Эти соображения заставляют критически отнестись к оценке сути переворота, происшедшего в науке в XVI—XVII вв., которая содержится в статье А. Койре «Измеряемый опыт» (Une experience de mesure). Отметив, какое большое значение придавал Галилей использованию геометрических методов в естествознании, Койре пишет: «Для достижения своей цели классическая (XVII—XVIII вв.) наука должна заменить систему изменчивых(flexible) и полукачественных понятий аристотелевской науки системой жестких и строго количественных понятий. Это означает, что классическая наука подставляет вместо качественного мира здравого смысла (и аристотелевской науки) архимедов мир геометрии, сделавшейся реальной, или — что то же самое — вместо оценок ”более или менее”, характерных для повседневной жизни, строит универсум измерения и точности. Такая подстановка автоматически приводит к исключению из этой вселенной всего, что не поддается точному измерению»[115, 90—91].

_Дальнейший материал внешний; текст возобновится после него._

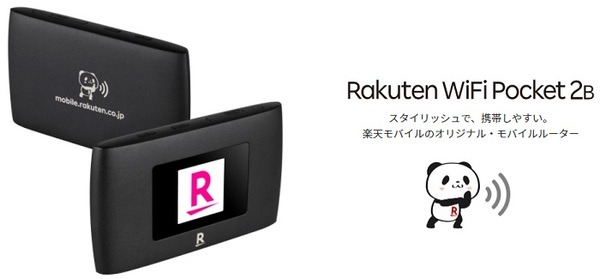 Rakuten WIFI Pocket 2B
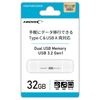 HIDISC OTG USBメモリ 32GB Type-C＆USB-A 両対応！高速転送＆幅広い互換性 HDUF148C32G3C|Type-C/Type-A両対応USB|USBメモリ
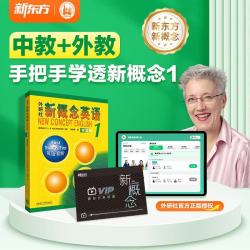 新东方新概念英语1系统课程+新概念英语1教材（中教+外教+AI练）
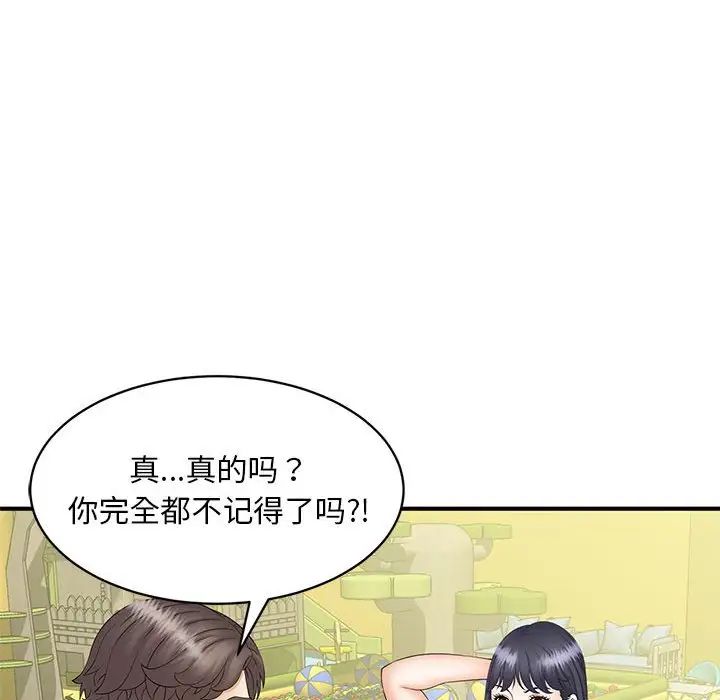 猎艳第9话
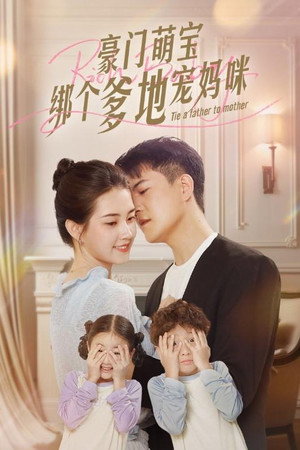 豪门萌宝绑个爹地宠妈咪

Койрё делает здесь, по существу, два разных утверждения, не различая их между собой. Первое — что возникновение науки нового времени теснейшим образом связано с введением процедур измерения физических величин [92] . Второе касается использования строго математических, в частности количественных, методов, пришедших на смену качественной установке физики аристотелизма. Несмотря на взаимозависимость, существовавшую в истории науки между проникновением математических методов в естествознание и разработкой процедур измерения, эти два процесса характеризуют существенно различные «этажи» классической науки. Посредством процедур измерения, интереса к которым не было, как мы знаем, ни в античности, ни в средние века, устанавливалось принципиально новое соотношение между теоретическими конструкциями и эмпирическим знанием. Математические же методы, применявшиеся в XVII—XVIII вв., были прежде всего средством построения самого теоретического знания. Именно последний аспект, затрагиваемый суждением Койре, нас и интересует.
92
Проблему измерения, как она решалась в процессе становления классической науки, Койре подробно разбирает в работе Du monde de l’«a-peu-pres» a l'Universe de la pr'ecision J112, 311—329]. Перевод этой статьи под заглавием «От мира “приблизительности” к универсуму прецизионности» см. в [40, 109—127].
Противопоставление качественного подхода античной и средневековой физики количественным методам классической науки — один из лейтмотивов, постоянно повторяющихся в историко-научных работах Койре. «Аристотелевская физика основана на чувственном восприятии и потому решительно не математическая. Она отказывается подставить математические абстракции на место красочных, качественно определенных явлений опыта, отрицая саму возможность математической физики, ввиду (а) неприменимости математических понятий к данным опыта и (б) неспособности математики объяснить качество и вывести движение», — читаем мы, например, в статье «Галилей и научная революция XVII века» [115, 5]. Там же он говорит о «парадоксальной дерзости» Галилея, отважившегося «трактовать механику как математику, т. е. подставить вместо реального, данного в опыте мира, мир геометрии, принятой за реальность, и объяснить реальное с помощью невозможного» [115,4].